• Exercise
Only the text should come through, so restate the listing exactly and drop its images.

• Dataset content
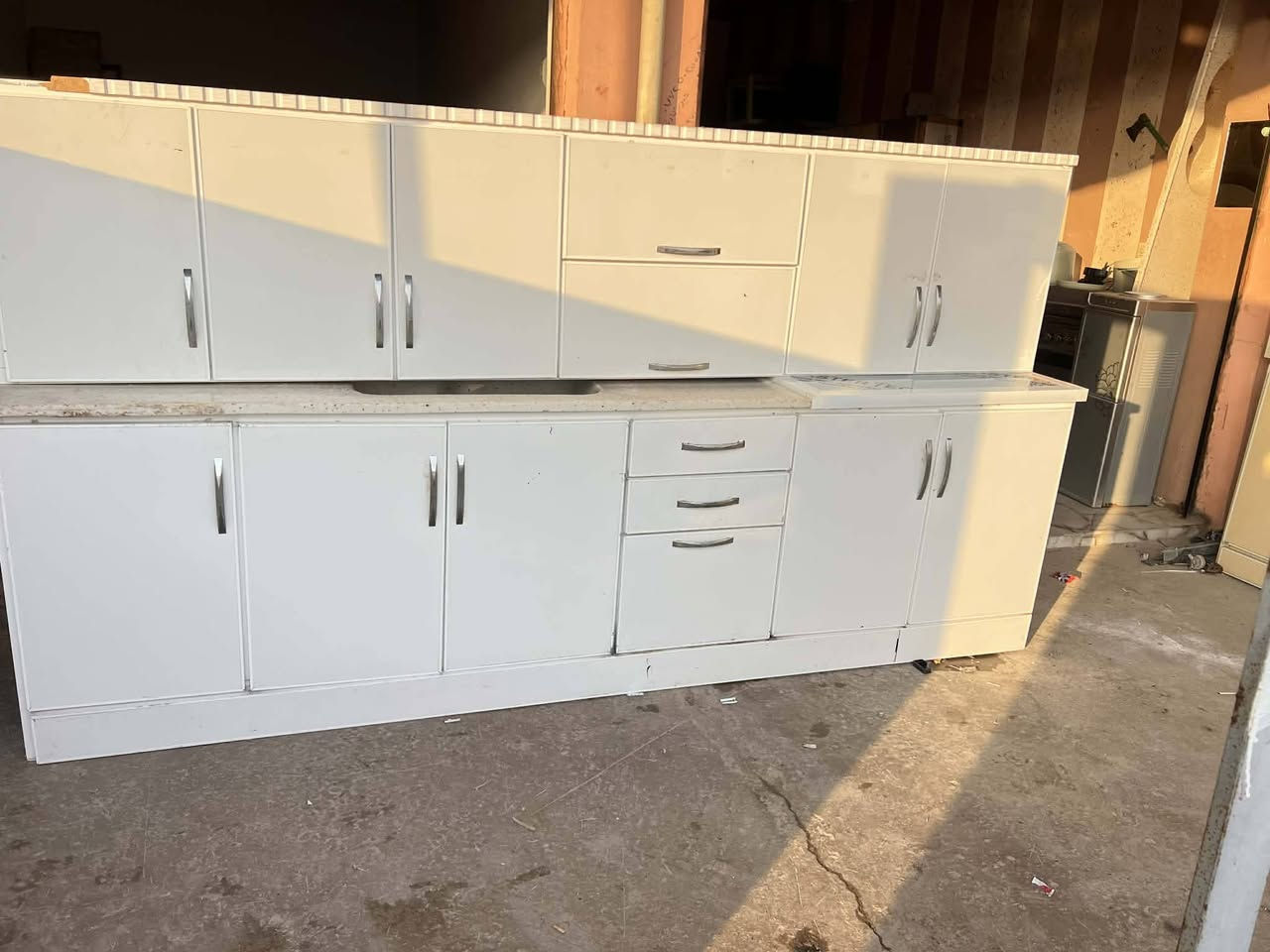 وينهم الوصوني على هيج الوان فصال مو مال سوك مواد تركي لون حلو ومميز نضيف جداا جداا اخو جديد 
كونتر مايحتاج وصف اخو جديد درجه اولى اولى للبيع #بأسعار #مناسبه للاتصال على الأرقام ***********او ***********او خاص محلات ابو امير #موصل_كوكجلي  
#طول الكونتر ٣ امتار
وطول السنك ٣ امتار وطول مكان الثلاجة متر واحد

• Worked solution
 وينهم الوصوني على هيج الوان فصال مو مال سوك مواد تركي لون حلو ومميز نضيف جداا جداا اخو جديد 
كونتر مايحتاج وصف اخو جديد درجه اولى اولى للبيع #بأسعار #مناسبه للاتصال على الأرقام ***********او ***********او خاص محلات ابو امير #موصل_كوكجلي  
#طول الكونتر ٣ امتار
وطول السنك ٣ امتار وطول مكان الثلاجة متر واحد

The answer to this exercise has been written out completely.